“In the future, there will be no female leaders. There will just be leaders.”— Sheryl Sandberg.
Female empowerment has been my consistent source of artistic inspiration and ambition since I could remember. One can just take a look at my paintings and see the adulation that I have for the female spirit and form. It is unfortunate that the world sometimes does not share this view, and this drives my passion for gender equality, particularly in our art community.
To put this gender disparity in figures, Renée B. Adams, Professor of Finance at the University of Oxford, led a study on gender bias in the art world entitled, Is gender in the eye of the beholder? In this study, after analyzing 1.5 million auction transactions in 45 countries, she discovered that people placed lower bids on artworks that they thought was produced by a female artist, even when all the works had been generated by artificial intelligence.
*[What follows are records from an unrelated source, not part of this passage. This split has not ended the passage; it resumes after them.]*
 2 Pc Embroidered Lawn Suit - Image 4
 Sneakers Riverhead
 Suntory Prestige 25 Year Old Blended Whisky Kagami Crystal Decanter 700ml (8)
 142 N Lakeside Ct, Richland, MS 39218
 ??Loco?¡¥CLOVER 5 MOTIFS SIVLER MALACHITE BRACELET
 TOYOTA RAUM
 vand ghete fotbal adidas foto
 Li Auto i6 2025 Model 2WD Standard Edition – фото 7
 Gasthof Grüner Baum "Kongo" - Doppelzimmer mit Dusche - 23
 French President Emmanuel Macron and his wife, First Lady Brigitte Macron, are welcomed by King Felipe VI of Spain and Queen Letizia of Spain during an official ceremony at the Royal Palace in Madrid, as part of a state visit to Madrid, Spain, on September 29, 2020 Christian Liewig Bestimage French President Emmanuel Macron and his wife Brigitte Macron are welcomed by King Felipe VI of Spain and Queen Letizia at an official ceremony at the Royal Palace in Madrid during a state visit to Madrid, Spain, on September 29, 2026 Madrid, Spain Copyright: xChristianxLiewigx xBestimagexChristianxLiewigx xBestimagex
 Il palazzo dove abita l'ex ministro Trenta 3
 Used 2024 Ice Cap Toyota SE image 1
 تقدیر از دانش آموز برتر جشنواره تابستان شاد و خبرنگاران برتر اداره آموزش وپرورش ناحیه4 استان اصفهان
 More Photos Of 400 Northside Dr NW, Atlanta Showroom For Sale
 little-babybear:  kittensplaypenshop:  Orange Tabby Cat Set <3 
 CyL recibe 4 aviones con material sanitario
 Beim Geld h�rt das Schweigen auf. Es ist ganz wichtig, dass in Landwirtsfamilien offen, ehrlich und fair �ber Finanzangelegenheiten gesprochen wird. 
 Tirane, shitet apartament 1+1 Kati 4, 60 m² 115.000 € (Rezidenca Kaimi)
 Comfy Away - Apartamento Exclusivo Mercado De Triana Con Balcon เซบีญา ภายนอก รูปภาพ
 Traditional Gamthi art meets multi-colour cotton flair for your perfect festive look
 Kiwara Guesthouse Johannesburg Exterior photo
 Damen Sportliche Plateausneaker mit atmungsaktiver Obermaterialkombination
The study proved that it is unlikely for someone to guess the gender of an artist by simply looking at a painting and it also drives home the fact that “women’s art appears to sell for less because it is made by women.”
To make a statement on this unfair gender bias and pay inequality, I joined a collective of artists in Dubai to launch the #ArtGap initiative in collaboration with Standard Chartered Bank in April 2019. The purpose of this initiative was to raise awareness amongst art lovers and collectors of the pay gap that female artists experience and what can be done to bridge this gap.
In monetary value, art produced by women is priced on average 47.6% less than art produced by men. Keeping this in mind, we at the initiative decided to produce paintings where 47.6% of the canvas will be left blank but the paintings will be sold at their full price. I titled the painting I submitted for this initiative, She is King, in which a crowned woman is elegantly poised as she stares with inquisitive eyes at the viewer. This painting was not only a symbol for gender equality but also a personal exercise in liberating myself from the opinions of biased critics and taking pride in my work.
Once unveiled at World Art Dubai 2019, the paintings from the initiative were displayed in contemporary art galleries across Dubai. In late June 2019, after being contacted by the managing director of a well-established art consultancy in London, my painting was acquired and found its home in the Standard Chartered Bank’s art collection. She is King is now proudly hanging on the walls at the reception of Standard Chartered Bank Head Quarter in London, where I hope that it inspires onlookers to make this world more equal, diverse and beautiful.
We still have a long way to go when it comes to gender equality and there is a lot that needs to be done for female empowerment. The future needs to be a better place for our daughters, where their talents and skills are celebrated and fairly rewarded. I will continue producing art that honors the tenacity and beauty of women and will strive for a future where female artists get to paint the whole canvas.